By Heidi Simmons
I often wonder just how many innocent people are on death row? I’m one who doesn’t have a lot of faith in the judicial system. I want to, but it’s difficult. It seems those who represent the “law” are not always interested in discovering the truth or protecting freedom. Rather, they create an emotional and demonizing narrative and ignore evidence to fit their biases and agendas just to get a conviction.
In Angela Pisel’s debut novel, With Love From the Inside (G.P. Putnam’s Sons, 312 pages) a mother facing her execution, struggles to reconnect with her estranged daughter.
The story unfolds as the chapters switch back and forth between Grace Bradshaw and her married daughter Sophie Logan. Grace is on death row for killing her infant son William. She was convicted of murder via Munchausen by proxy when Sophie was just 11 years old.
Sophie and her father visited her mother in prison up until her father died of a heart attack. Sophie was 18 and just finishing high school. Her father always believed in his wife’s innocence. When Sophie went off to college, she left her life behind and never looked back.
Married to a respected plastic surgeon, Sophie’s life seems pretty good, but images and memories slide back now and then. Her husband only knows that Sophie has no family and that both her parents are dead.
Grace’s legal appeals have run out and her execution date is set. The new Governor is a hardliner who campaigned on promising to see those on death row executed for their crimes. Afraid she will never hear from her daughter, Grace writes in a journal in hopes one day her daughter will not hate her, but instead forgive her.
Although Sophie’s life seems perfect, her husband may be having an affair and she may be pregnant. And she’s about to turn 30. So when her mother’s attorney finally finds her, Sophie reluctantly reaches out.
Confronted with her past, Sophie must now tell her husband the truth about her mother. But what is the truth? Did her mother kill her baby brother? If she was truly mentally ill, why didn’t she kill Sophie? And Sophie only has good memories of a loving mother.
Stumbling upon a possible explanation for her baby brother’s death, Sophie comes clean and tells her husband the truth about her past in hopes together may get her mother’s sentence overturned.
I somewhat liked how the story unfolds as the reader learns about the two main characters. That said, the prose are over-written, over-descriptive and pretentious.

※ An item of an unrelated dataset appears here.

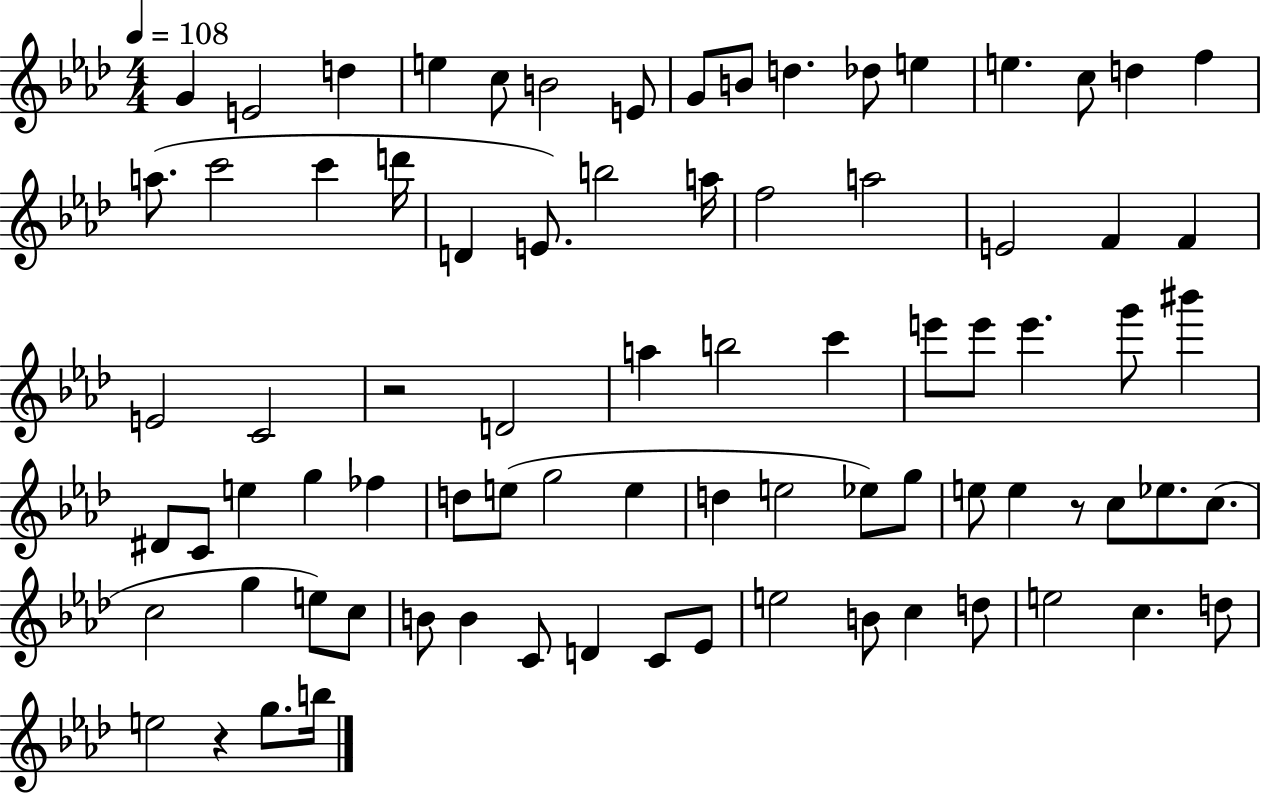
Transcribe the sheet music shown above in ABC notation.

There are too many things that don’t move this story forward and do not help the reader understand the turmoil these two women are going through.
I don’t care that she has a “Coach” bag or wears “Elizabeth Ardin” and sips some fluffy drink from Starbucks — unless it tells the reader something about Sophie’s state of mind.
Sophie’s dilemma and detachment held my attention. She didn’t seem to mind that her husband was having an affair. This intrigued me. It didn’t just seem like denial, but that her aloofness and distance might be a direct result of her being abandoned as a child.
Same thing with Grace. There is never any outrage or mental breakdowns as she waits to find out if the Governor will deliver a stay of execution. She is strangely detached. But maybe that is just how it is or proof of Munchausen.
I liked the relationship between Sophie and Max, a sick little boy whose mother has abandoned him. This relationship helps motivate Sophie and reveals a woman with a heart. Otherwise she seems like a shell of a person. I wondered why her handsome, smart, rich, wonderful husband fell in love with Sophie. What is special about her? I can’t answer that, nor does the book.
Overall, there are some powerful moments of reconciliation that were moving. And there are moments of genuine wisdom. The author is a therapist and life coach. We all have parents and our lives are forever intertwined, so there is a time to make peace. Hopefully, it can be done before they pass. Perhaps “love from the inside” is all we have to share.
It is frightening to think how easy it is to make a case against someone and make it stick without regard for the truth or evidence. How quickly people can turn against someone accused. There is still so much we don’t know about the world. At the very least, the law provides reasonable doubt.